James Francis Lynam (born September 15, 1941) is an American former college and professional basketball coach. He coached at the college level for Fairfield University from 1968 to 1970, American University from 1973 to 1978, and St. Joseph's University from 1978 to 1981. In the National Basketball Association (NBA), Lynam coached the San Diego / Los Angeles Clippers from 1983 to 1985, the Philadelphia 76ers from 1987 to 1992, and the Washington Bullets from 1995 to 1997. Lynam compiled a 158–118 record at the college level, and 328–392 in the NBA. He was also Philadelphia's general manager from 1992 to 1994.

Playing career
After graduating from West Catholic High School, he went to Saint Joseph's University. With the Hawks, he was a three-year starter. In 1961, Lynam was a key player on a Hawks team that advanced to the 1961 Final Four. The Hawks defeated Utah in a four-overtime game for third place. Lynam won the team MVP award after Jack Egan was expelled for his participation in the 1961 point shaving scandal.
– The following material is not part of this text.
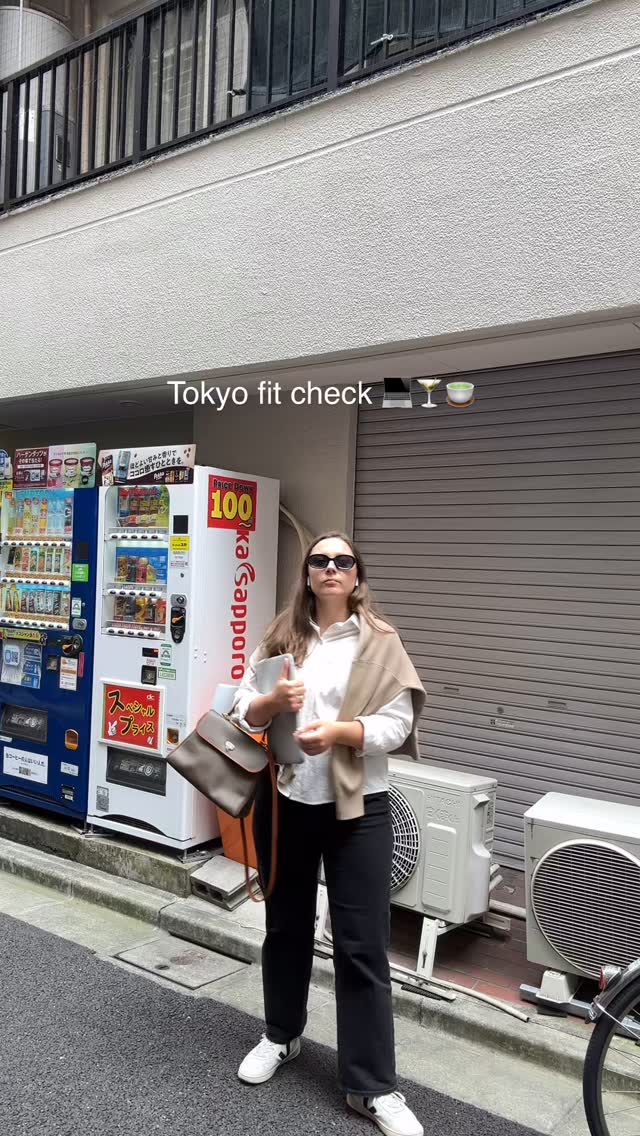 Stuck my phone onto a vending machine for this ✨ 🥤#tokyo #fitcheck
Lynam played with the Hawks until 1963. That year, he was named the MVP of the Big 5 in his senior year.

Coaching career
He began his coaching career with the Fairfield Stags in 1968 where he coached two years. In 1973, he took the reins at American University in 1973, where he coached for five years. He coached the Eagles to one finals appearance in the East Coast Conference tournament.
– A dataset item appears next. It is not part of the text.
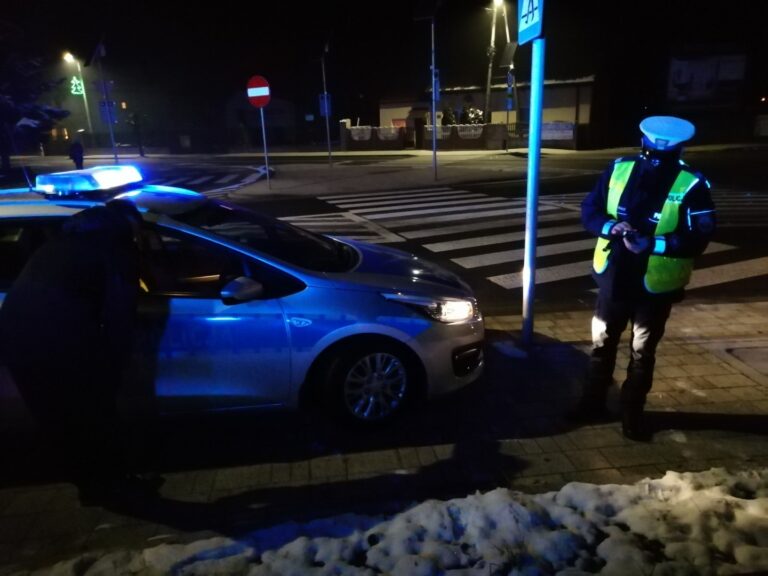Mieszkanka Działoszyna potrącona na pasach w Pajęcznie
In 1978, he returned to his alma mater. He coached St. Joseph's to an upset victory over #1 ranked DePaul by a score of 49–48 in the second round of the 1981 NCAA Division I men's basketball tournament. In their opening game his 9th seeded Hawks topped #8th seed Creighton 59–57.  They would win their third tournament game over #5 seed Boston College 42-41 before falling to the National Champion, Indiana at a game on their home floor in Bloomington.  Had they won that game Lynam's Hawks would have been in the Final Four at The Spectrum in their home town of Philadelphia.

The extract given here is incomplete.